## PROVIDED DATA:

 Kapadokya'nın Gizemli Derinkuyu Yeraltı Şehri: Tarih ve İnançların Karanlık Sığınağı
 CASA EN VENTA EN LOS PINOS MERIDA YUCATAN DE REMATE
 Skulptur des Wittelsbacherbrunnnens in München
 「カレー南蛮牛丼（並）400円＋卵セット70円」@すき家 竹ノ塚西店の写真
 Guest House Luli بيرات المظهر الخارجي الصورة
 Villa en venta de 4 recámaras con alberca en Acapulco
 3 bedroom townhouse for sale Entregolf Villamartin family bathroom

--

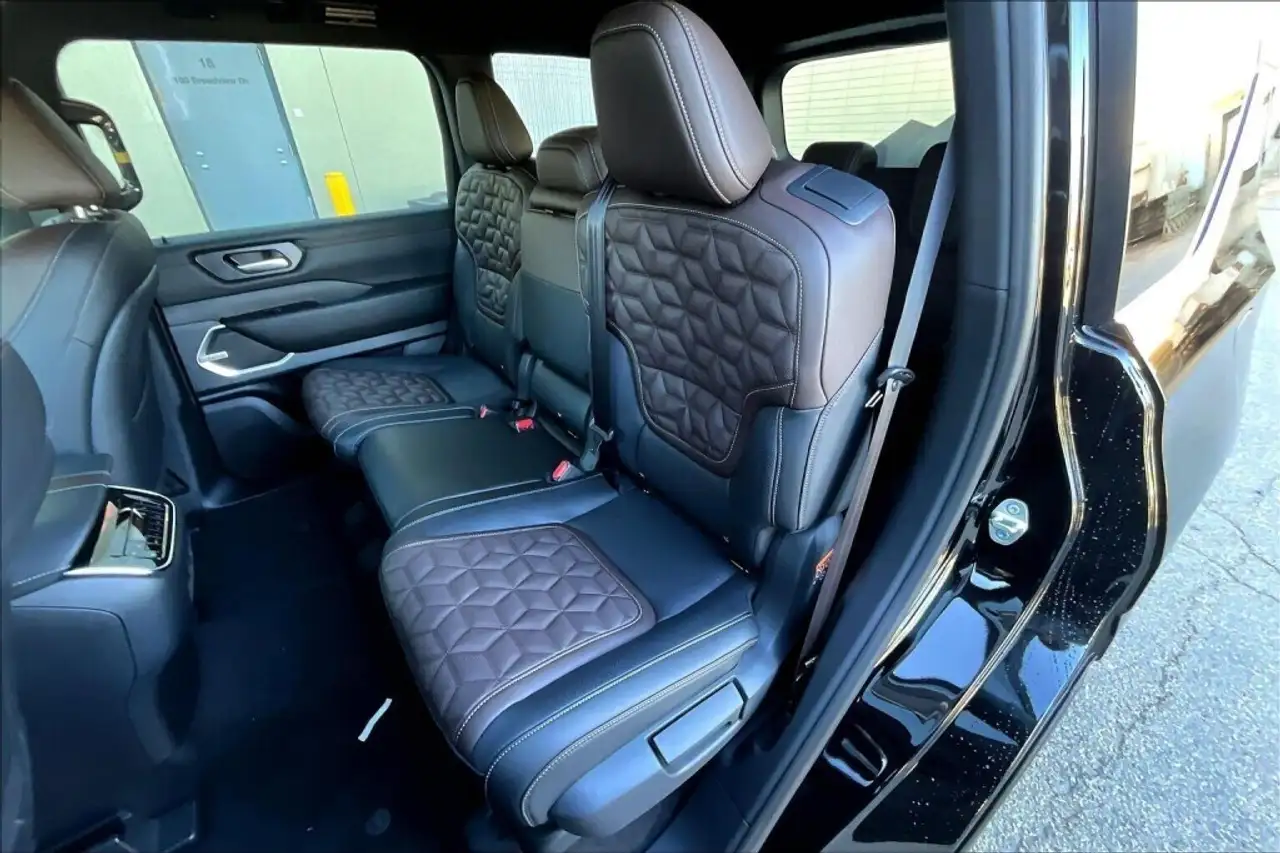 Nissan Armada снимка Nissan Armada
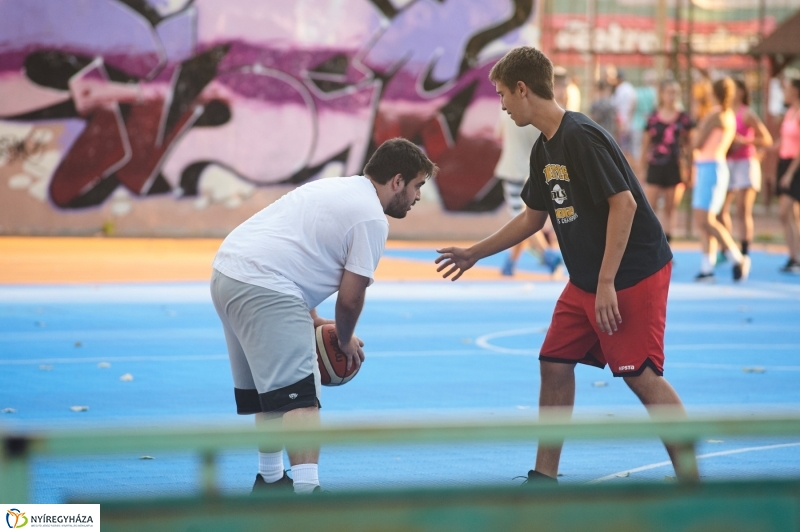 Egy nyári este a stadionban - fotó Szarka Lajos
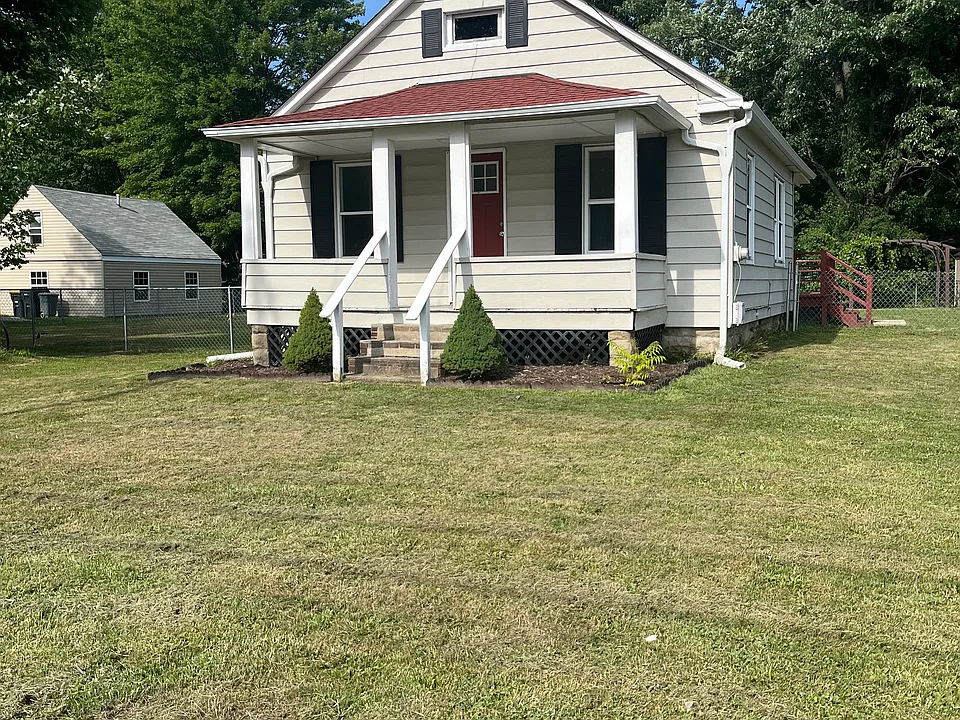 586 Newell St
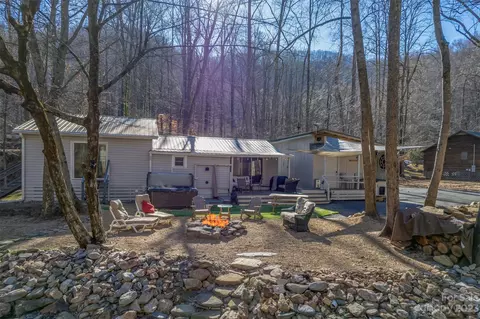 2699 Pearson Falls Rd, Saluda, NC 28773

## WORK TO COMPLETE:
Go to the line in the material above that contains "Guest House Luli بيرات المظهر الخارجي الصورة" and copy exactly from there through the line that contains "3 bedroom townhouse", stopping after it.

## WRITTEN RESPONSE:
 Guest House Luli بيرات المظهر الخارجي الصورة
 Villa en venta de 4 recámaras con alberca en Acapulco
 3 bedroom townhouse for sale Entregolf Villamartin family bathroom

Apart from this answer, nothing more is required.